Write the following entries out again exactly, skipping each image.
=== Listed entries ===
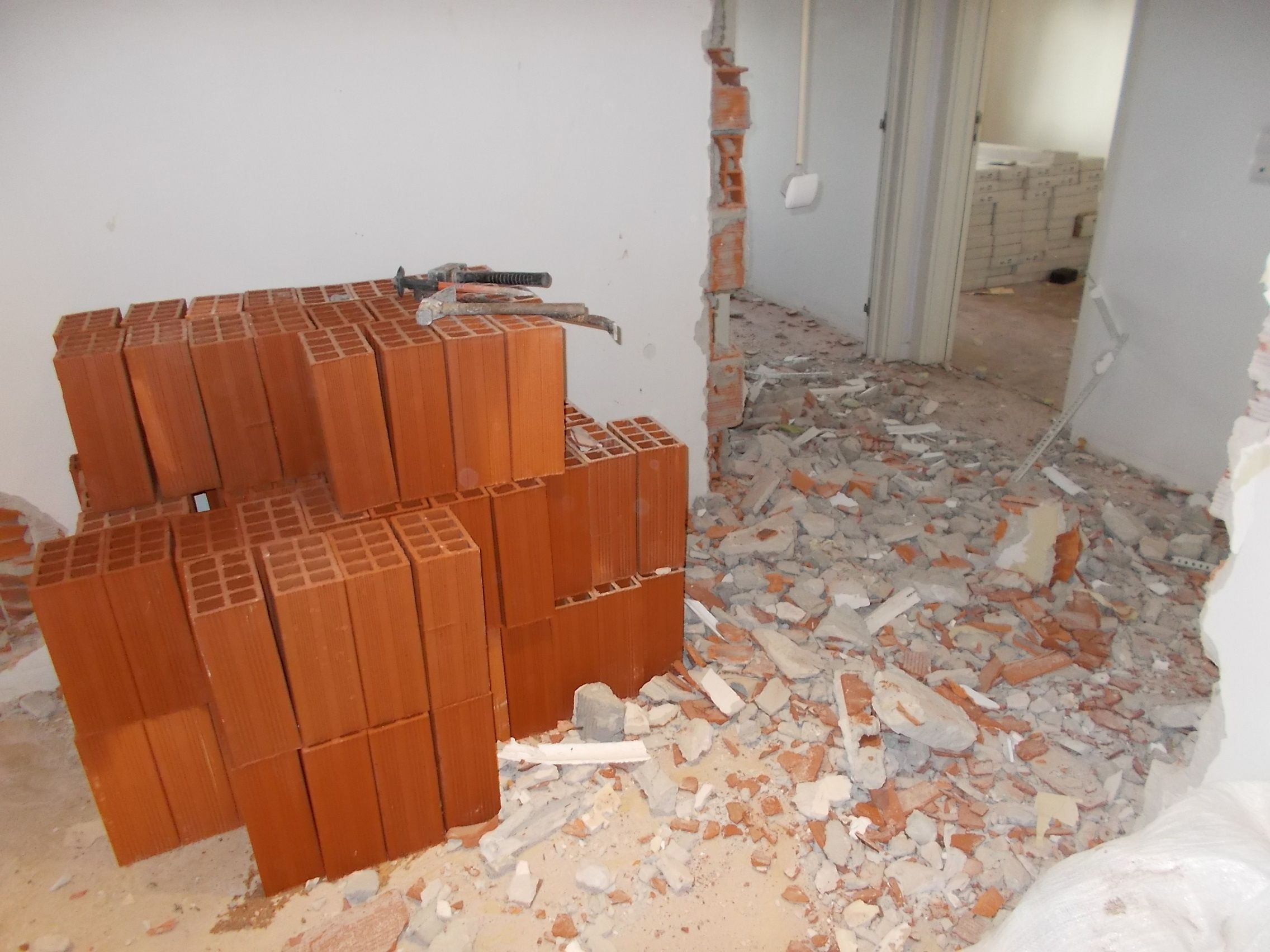 Fotografia de tijolos e entulho resultante de trabalhos de demoli&ccedil;&atilde;o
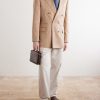 Itauba Wide Leather Messenger Bag - OU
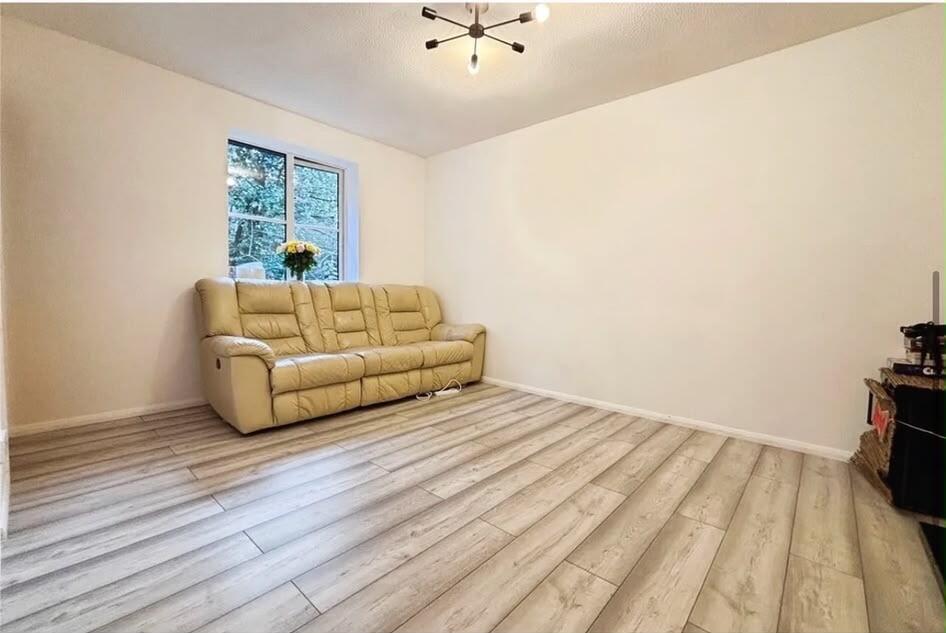 2 bed Not Specified for rent in Reading. From Vanderpump - Tilehurst 2 bed Not Specified for rent in Reading. From Vanderpump - Tilehurst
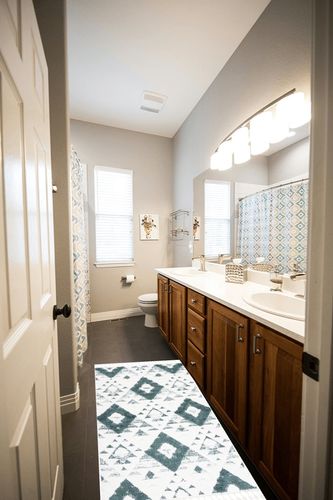SAFAVIEH Moroccan Tassel Shag Collection Area Rug - 9' x 12', Green & Ivory, Boho Design, Non-Shedding & Easy Care, 2-inch Thick Ideal for High Traffic Areas in Living Room, Bedroom (MTS688Y) in Wooden and Grey Bathroom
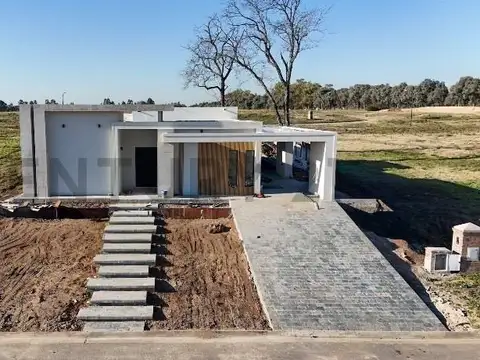 DISEÑO CONTEMPORÁNEO, CALIDEZ Y CONFORT EN CADA RINCÓN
===
• **Answer to the exercise**:
 Fotografia de tijolos e entulho resultante de trabalhos de demoli&ccedil;&atilde;o
 Itauba Wide Leather Messenger Bag - OU
 2 bed Not Specified for rent in Reading. From Vanderpump - Tilehurst 2 bed Not Specified for rent in Reading. From Vanderpump - Tilehurst
SAFAVIEH Moroccan Tassel Shag Collection Area Rug - 9' x 12', Green & Ivory, Boho Design, Non-Shedding & Easy Care, 2-inch Thick Ideal for High Traffic Areas in Living Room, Bedroom (MTS688Y) in Wooden and Grey Bathroom
 DISEÑO CONTEMPORÁNEO, CALIDEZ Y CONFORT EN CADA RINCÓN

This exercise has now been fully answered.